PROVIDED INFORMATION:
::::::

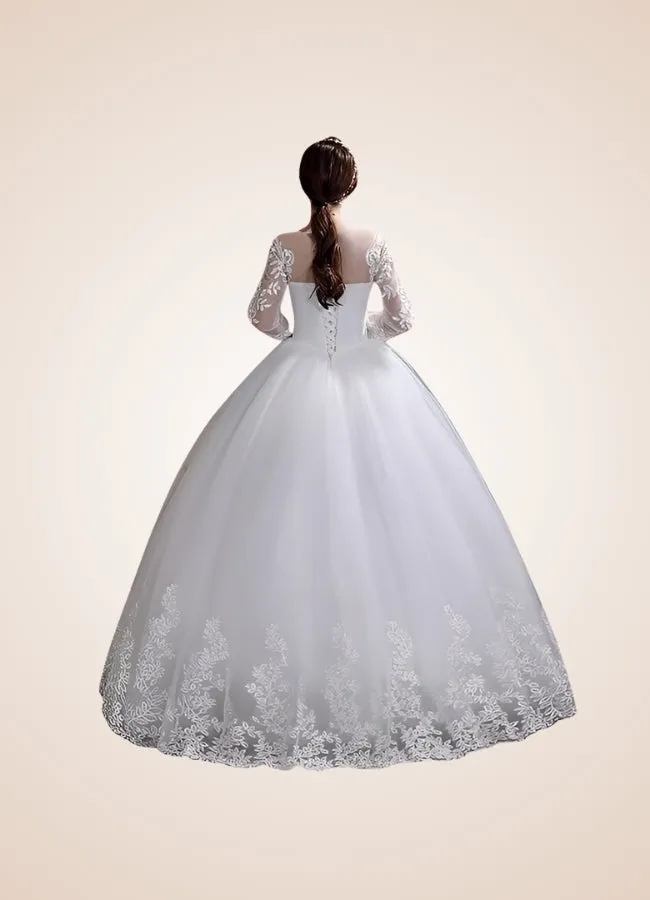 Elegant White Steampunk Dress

::::::

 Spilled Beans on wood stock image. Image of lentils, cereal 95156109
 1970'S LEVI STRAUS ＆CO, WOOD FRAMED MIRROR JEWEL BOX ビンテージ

::::::

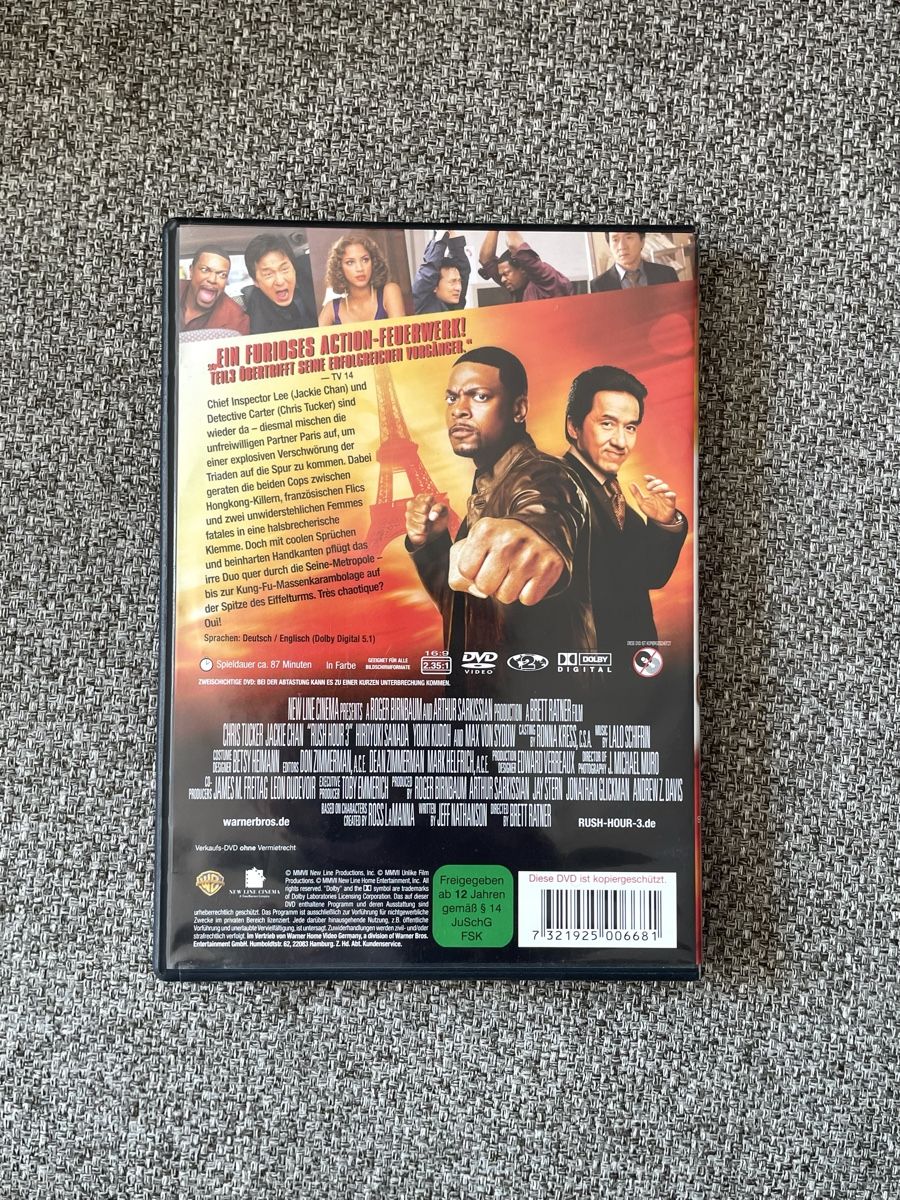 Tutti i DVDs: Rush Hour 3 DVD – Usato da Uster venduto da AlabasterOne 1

::::::

GOAL OF THE EXERCISE: Word for word, restate the lines of the listing above starting at the line with "Spilled Beans on" and ending at the line with "1970'S LEVI STRAUS", and nothing outside them.

COMPLETED EXERCISE:
 Spilled Beans on wood stock image. Image of lentils, cereal 95156109
 1970'S LEVI STRAUS ＆CO, WOOD FRAMED MIRROR JEWEL BOX ビンテージ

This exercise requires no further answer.